» **DATA LISTING**
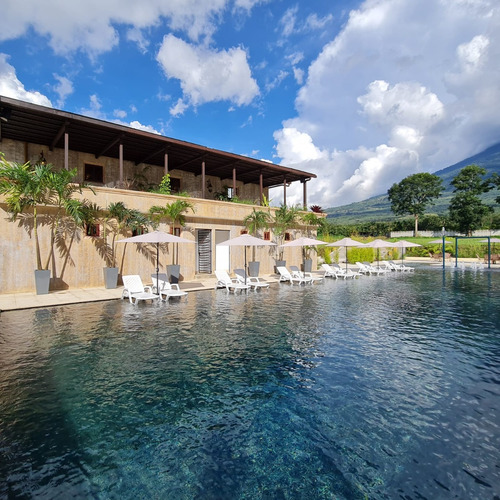 Imagen 14 de 18 de Casa En Venta En Club Residencial Exclusivo, Espectaculares Vistas Hacia Los Volcanes En #ciudadvieja A 15m De Antigua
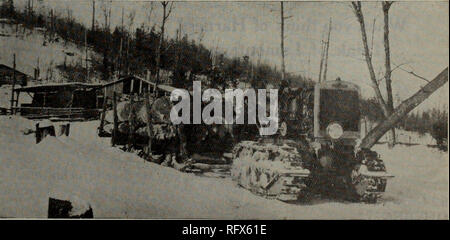 . Canadian Forest industries Gennaio-Giugno 1922. Macchinoso; le foreste e la silvicoltura; prodotti di foresta; polpa di legno Industria; legno industrie utilizzatrici. In aggiunta i trattori Monarch fornire potenza per il movimento serpeggiante, o per qualsiasi scopo per cui un stat- ionary motore è richiesto. Il giorno dentro ed il giorno fuori servizio rende i trattori Monarch economico per il trasporto del legname boschi. Il monarca dare tutto l'anno servizio  su neve o ghiaccio, in profonda sabbia o fango  per essi depongono le proprie tracce come andare  ampia catena di acciaio pedate che ottenere un passo sicuro su qualsiasi sur- faccia, e che non si abbassano anche alla luce- est terreno. In th Foto Stock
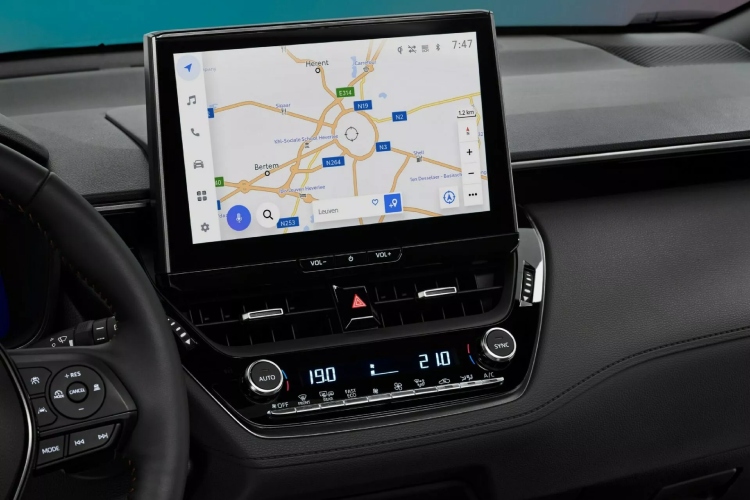 2026-toyota-corolla-cross-gr-sport-kad-i-porodicni-suv-pozeli-da-ostavi-trag-u-krivini-21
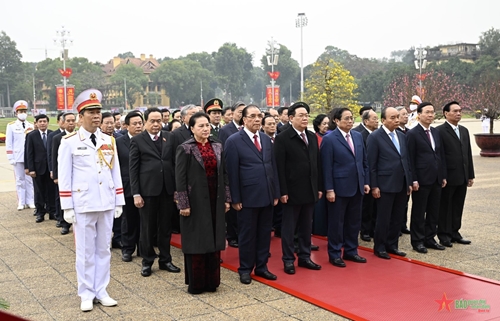 Lãnh đạo Đảng, Nhà nước, Quân đội vào Lăng viếng Chủ tịch Hồ Chí Minh, tưởng niệm các Anh hùng liệt sĩ


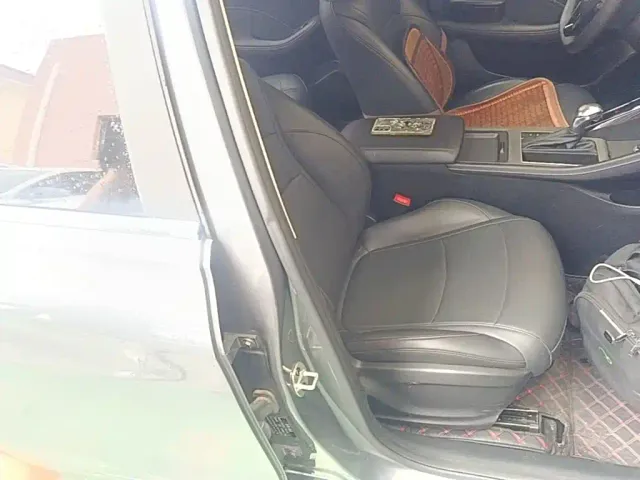Roewe i5 — Фото автомобиля 24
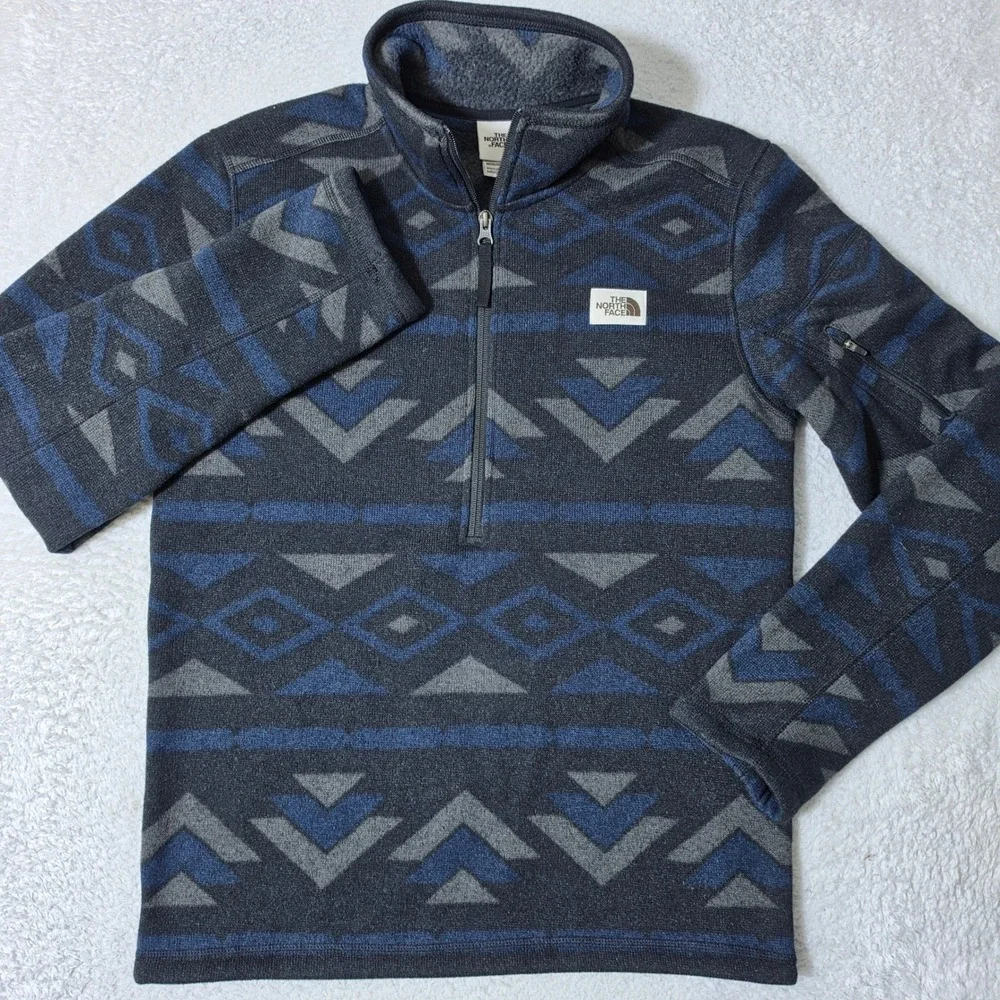 NEW The North Face Gordon Lyons Mens S Pullover Blue Aztec L/S Fleece NF0A3YRB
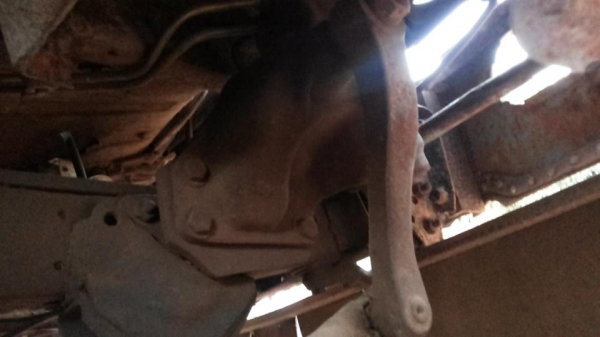 **145,000 บ. ต่อรอง/// 6ล้อ ISUZU KS-100แรง ฝาดำ เครื่องใหม่ เกียร์เดิม ช่วงล่างใหญ่ หน้า115 ท้ายF สโลวกลาง ครบ หัวเก๋งดี สีไม่สวย พ.พาวเวอร์ คัสซีเก็บงานแล้ว แข็งแรง ดี กระบะพื้นไม้คอกเกษตร 4.30ม. ยางหน้า7.50/16 หลัง 8.25/16 สภาพ65-70\% ตามสภาพ พร้อมลุย เ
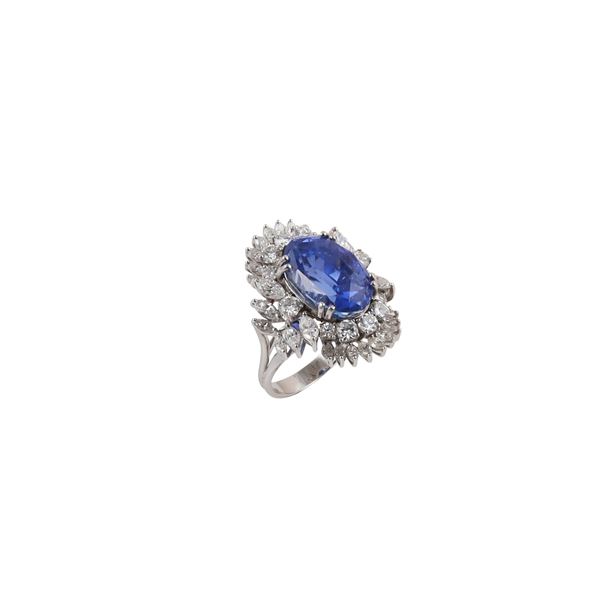 18KT GOLD, SRI LANKA SAPPHIRE AND DIAMONDS RING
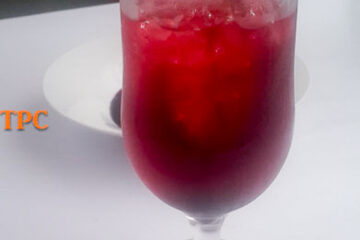 Zobo (sorrel) drink in a glass cup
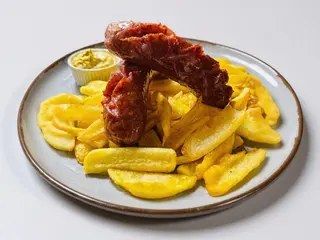Cârnați cu cașcaval și cartofi prăjiți
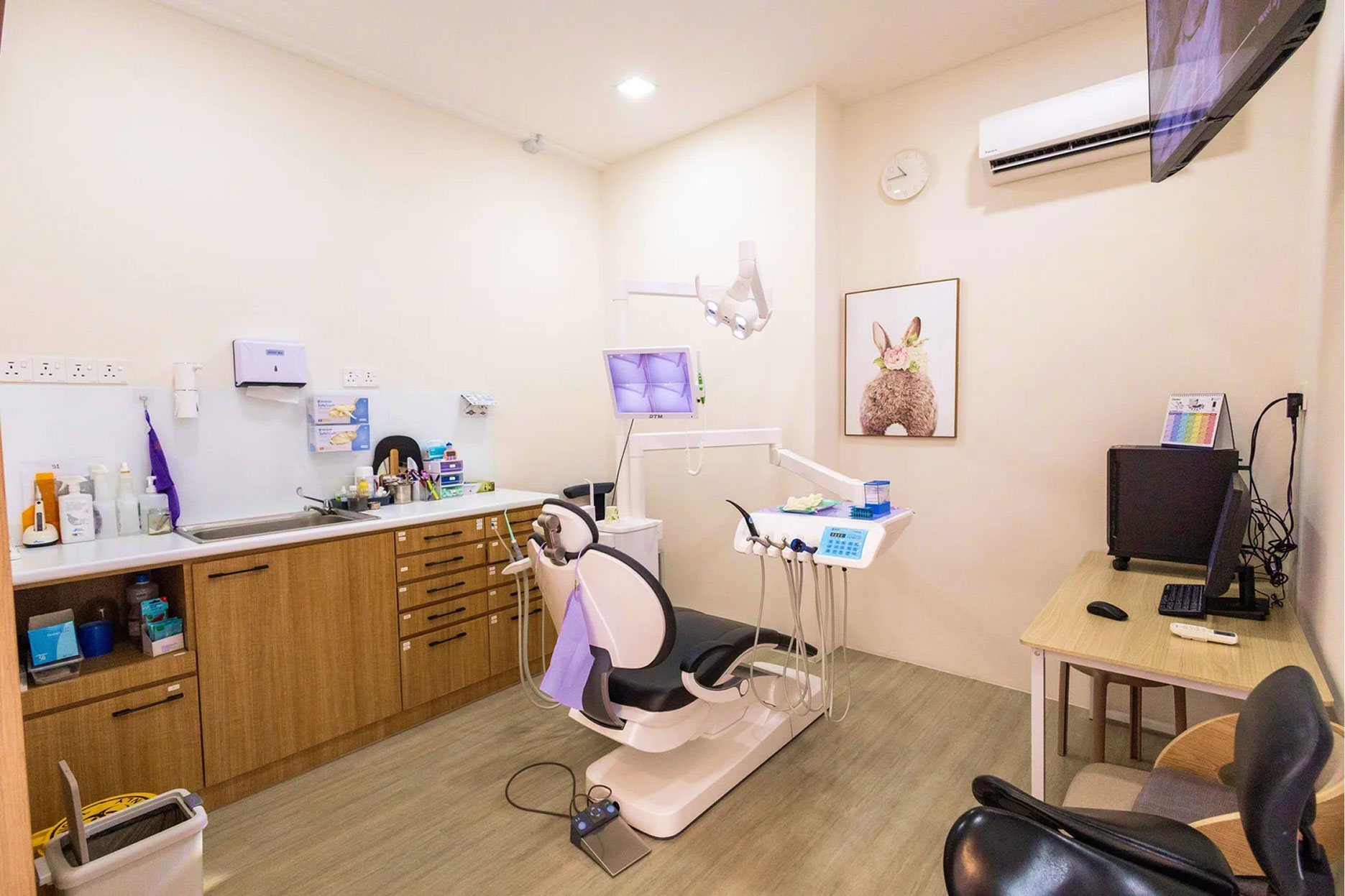 Treatment room at Calm Dental Clinic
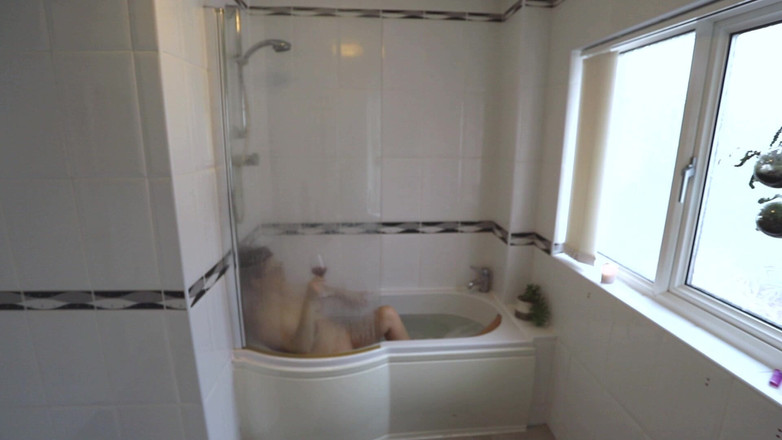 Countess diamond: Watch Me Bathe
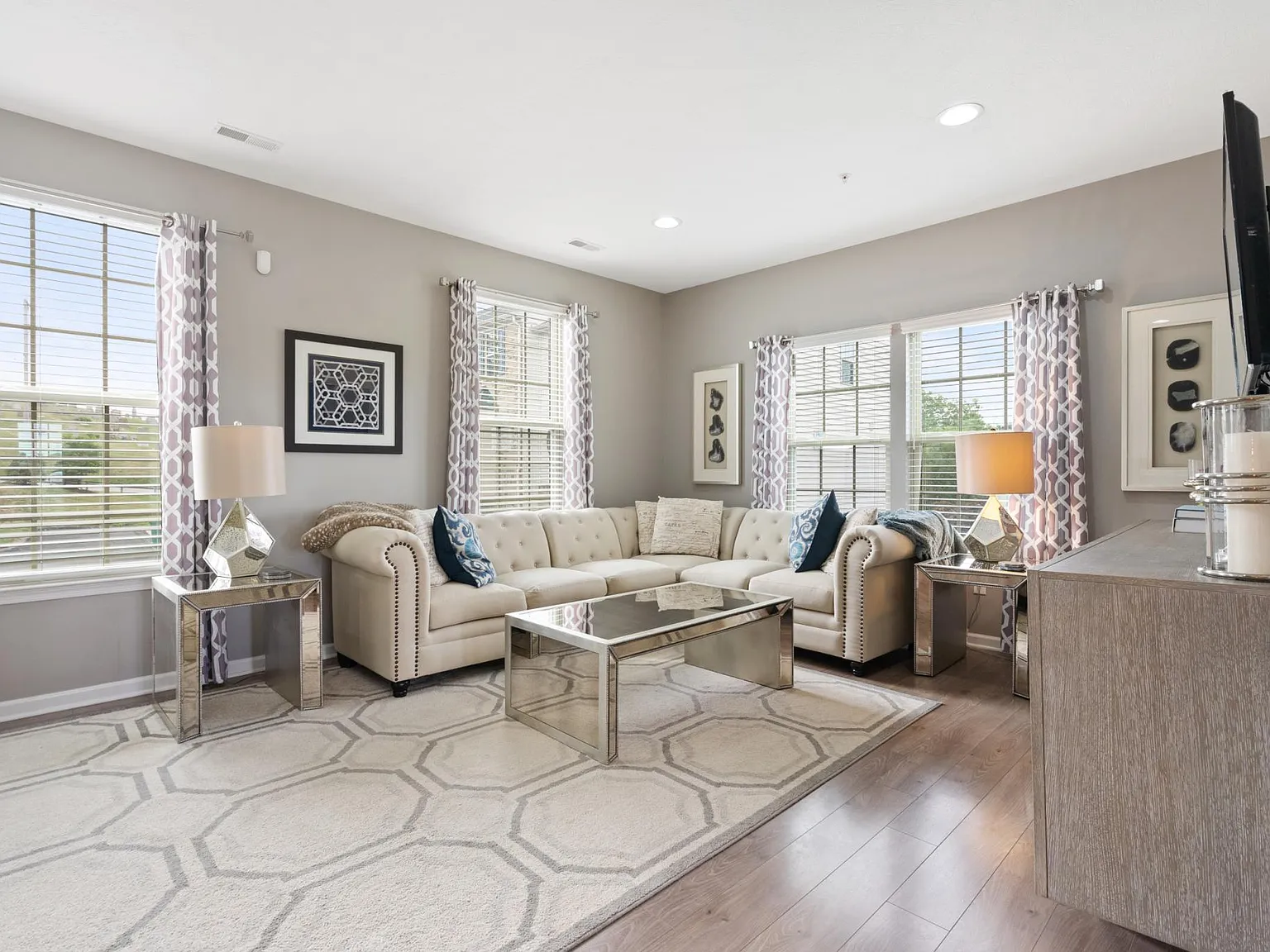 3 bed, 2.5 bath, 1658 sqft, $3,200 — Photo 2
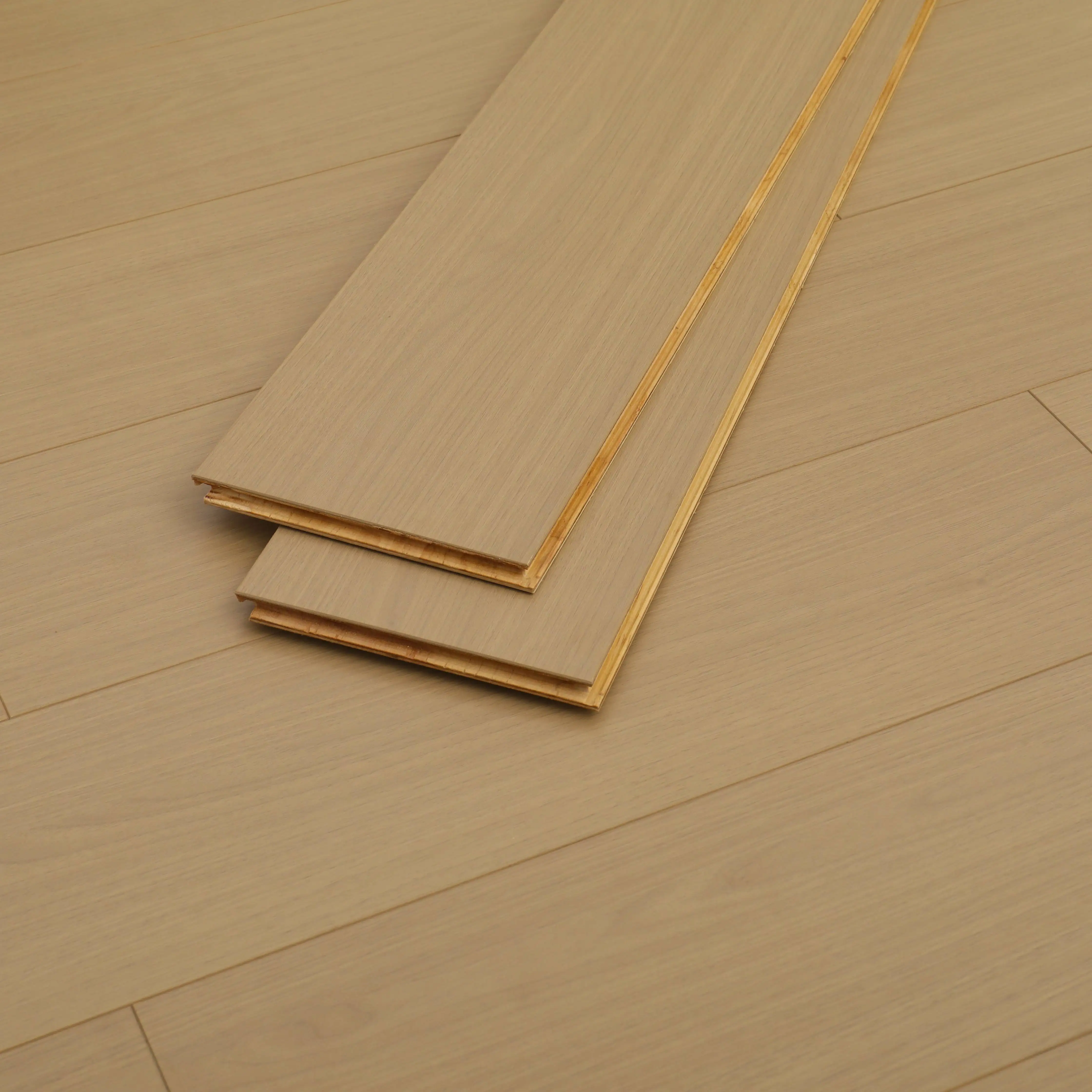 Smooth and Textured Wood Flooring Engineered Flooring Is Wear-resistant and Waterproof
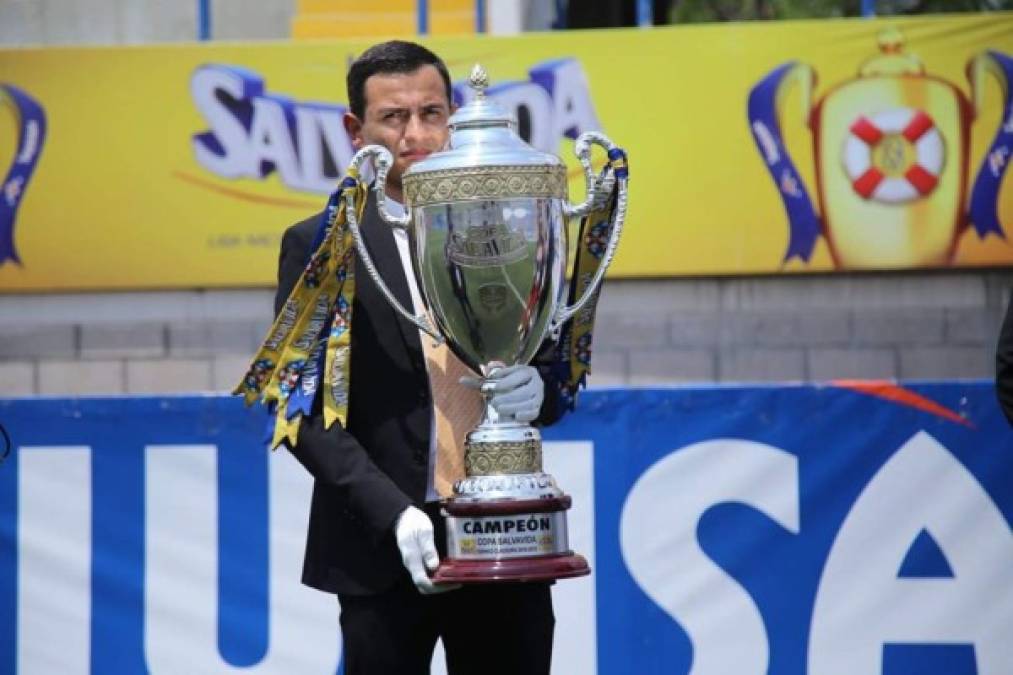 La Copa que se llevará el campeón del Clausura 2019 fue llevada a Choluteca. Fue diseñada en Italia.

» **REQUIRED WORK**
Every entry above needs to be copied exactly, and no pictures go with it.

» **ANSWER TO THIS PROBLEM**
 Imagen 14 de 18 de Casa En Venta En Club Residencial Exclusivo, Espectaculares Vistas Hacia Los Volcanes En #ciudadvieja A 15m De Antigua
 . Canadian Forest industries Gennaio-Giugno 1922. Macchinoso; le foreste e la silvicoltura; prodotti di foresta; polpa di legno Industria; legno industrie utilizzatrici. In aggiunta i trattori Monarch fornire potenza per il movimento serpeggiante, o per qualsiasi scopo per cui un stat- ionary motore è richiesto. Il giorno dentro ed il giorno fuori servizio rende i trattori Monarch economico per il trasporto del legname boschi. Il monarca dare tutto l'anno servizio  su neve o ghiaccio, in profonda sabbia o fango  per essi depongono le proprie tracce come andare  ampia catena di acciaio pedate che ottenere un passo sicuro su qualsiasi sur- faccia, e che non si abbassano anche alla luce- est terreno. In th Foto Stock
 2026-toyota-corolla-cross-gr-sport-kad-i-porodicni-suv-pozeli-da-ostavi-trag-u-krivini-21
 Lãnh đạo Đảng, Nhà nước, Quân đội vào Lăng viếng Chủ tịch Hồ Chí Minh, tưởng niệm các Anh hùng liệt sĩ


Roewe i5 — Фото автомобиля 24
 NEW The North Face Gordon Lyons Mens S Pullover Blue Aztec L/S Fleece NF0A3YRB
 **145,000 บ. ต่อรอง/// 6ล้อ ISUZU KS-100แรง ฝาดำ เครื่องใหม่ เกียร์เดิม ช่วงล่างใหญ่ หน้า115 ท้ายF สโลวกลาง ครบ หัวเก๋งดี สีไม่สวย พ.พาวเวอร์ คัสซีเก็บงานแล้ว แข็งแรง ดี กระบะพื้นไม้คอกเกษตร 4.30ม. ยางหน้า7.50/16 หลัง 8.25/16 สภาพ65-70\% ตามสภาพ พร้อมลุย เ
 18KT GOLD, SRI LANKA SAPPHIRE AND DIAMONDS RING
 Zobo (sorrel) drink in a glass cup
Cârnați cu cașcaval și cartofi prăjiți
 Treatment room at Calm Dental Clinic
 Countess diamond: Watch Me Bathe
 3 bed, 2.5 bath, 1658 sqft, $3,200 — Photo 2
 Smooth and Textured Wood Flooring Engineered Flooring Is Wear-resistant and Waterproof
 La Copa que se llevará el campeón del Clausura 2019 fue llevada a Choluteca. Fue diseñada en Italia.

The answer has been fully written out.